[Scraped caption text data]

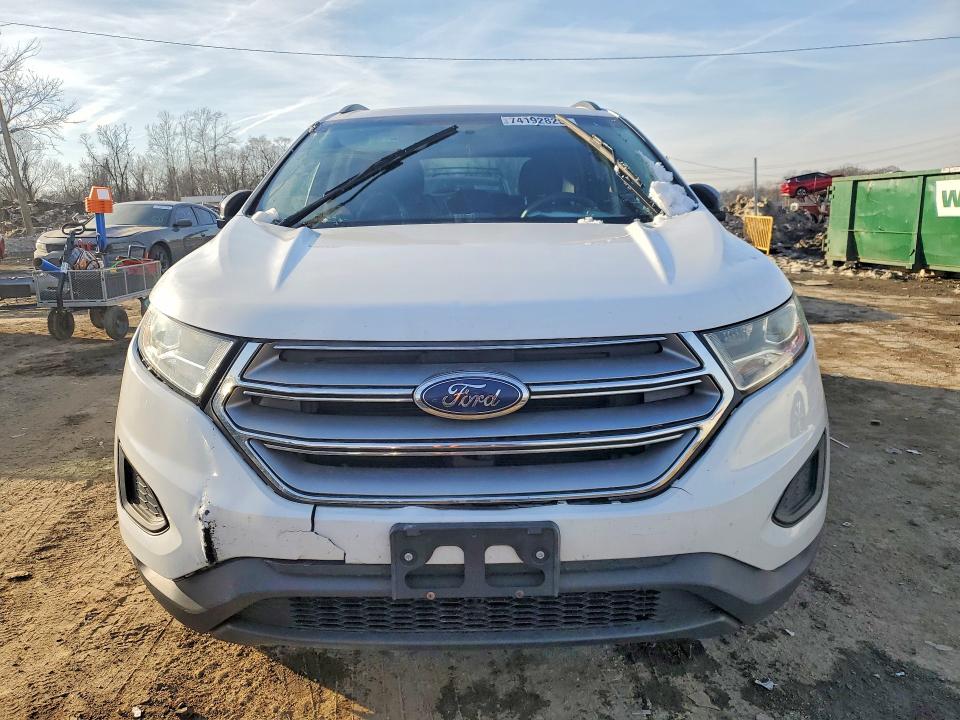 74192825 :رقم المزاد ، 2FMPK4G91JBB46844 vin ، 2018 Ford Edge Se مزاد بيع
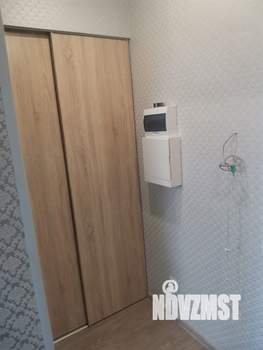 1-к квартира, вторичка, 38м2, 17/19 этаж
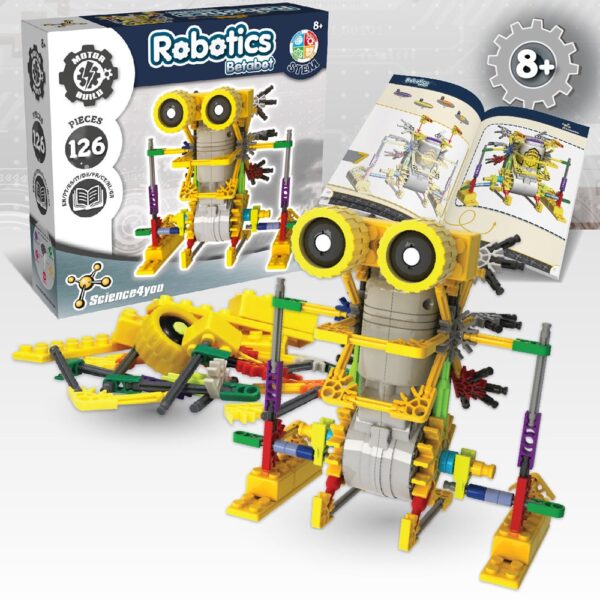 BETABOT. Educational game for children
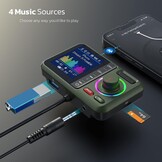Bluetooth FM Transmitter Auto - Handsfree & Muziek (33% Korting)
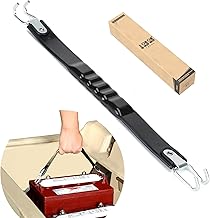 10L0L Golf Cart Battery Lifting Strap, Universal Golf Cart Deep Cell Batteries Carrier Strap for Trojan Battery, Fit for Yamaha, Club Car and EZGO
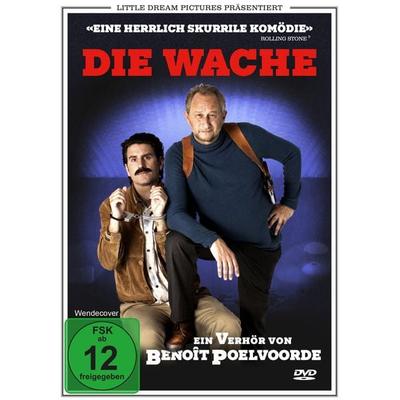Die Wache, DVD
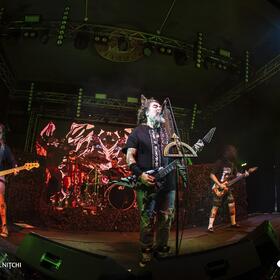 Soulfly, Quantic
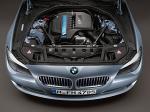 BMW ActiveHybrid 5 2012 года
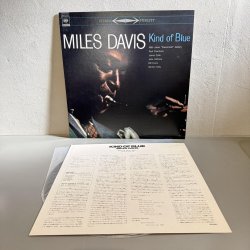 画像3: MILES DAVIS / KIND OF BLUE 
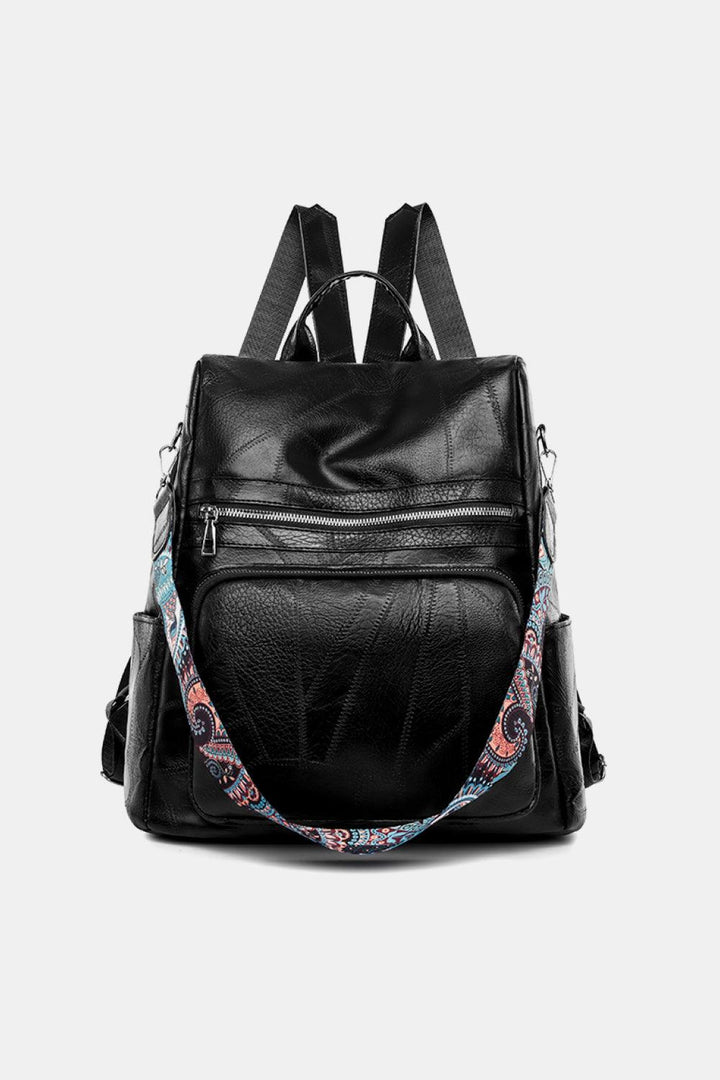 PU Leather Backpack - Super Amazing Store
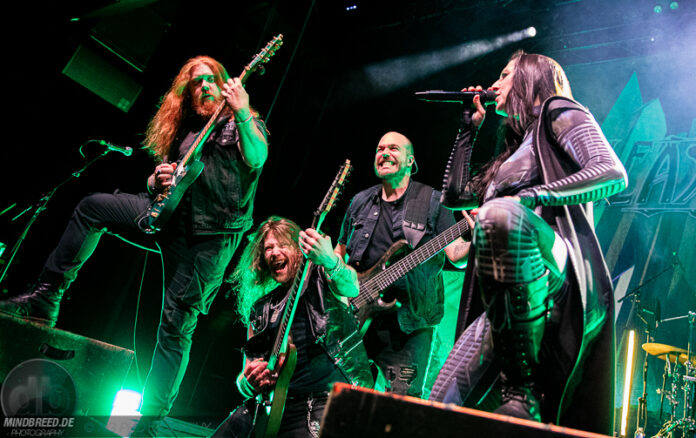 Unleash The Archers – Phantoma Europa Tour 2025
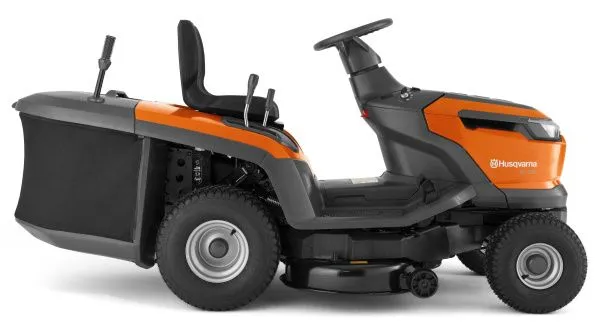 Газонокосилка с сиденьем Husqvarna TC 112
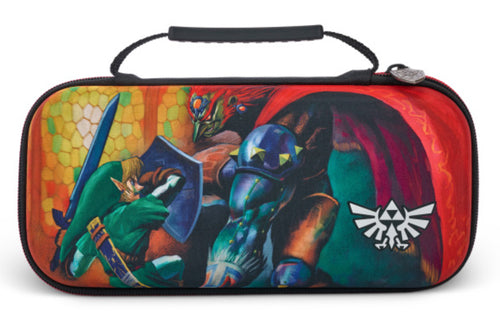 PowerA Link vs Ganondorf-etui – Nintendo Switch – produktbillede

> **The task**
Please repeat the records above exactly, omitting any pictures they contain.

> **Task solution**
 74192825 :رقم المزاد ، 2FMPK4G91JBB46844 vin ، 2018 Ford Edge Se مزاد بيع
 1-к квартира, вторичка, 38м2, 17/19 этаж
 BETABOT. Educational game for children
Bluetooth FM Transmitter Auto - Handsfree & Muziek (33% Korting)
 10L0L Golf Cart Battery Lifting Strap, Universal Golf Cart Deep Cell Batteries Carrier Strap for Trojan Battery, Fit for Yamaha, Club Car and EZGO
Die Wache, DVD
 Soulfly, Quantic
 BMW ActiveHybrid 5 2012 года
 画像3: MILES DAVIS / KIND OF BLUE 
 PU Leather Backpack - Super Amazing Store
 Unleash The Archers – Phantoma Europa Tour 2025
 Газонокосилка с сиденьем Husqvarna TC 112
 PowerA Link vs Ganondorf-etui – Nintendo Switch – produktbillede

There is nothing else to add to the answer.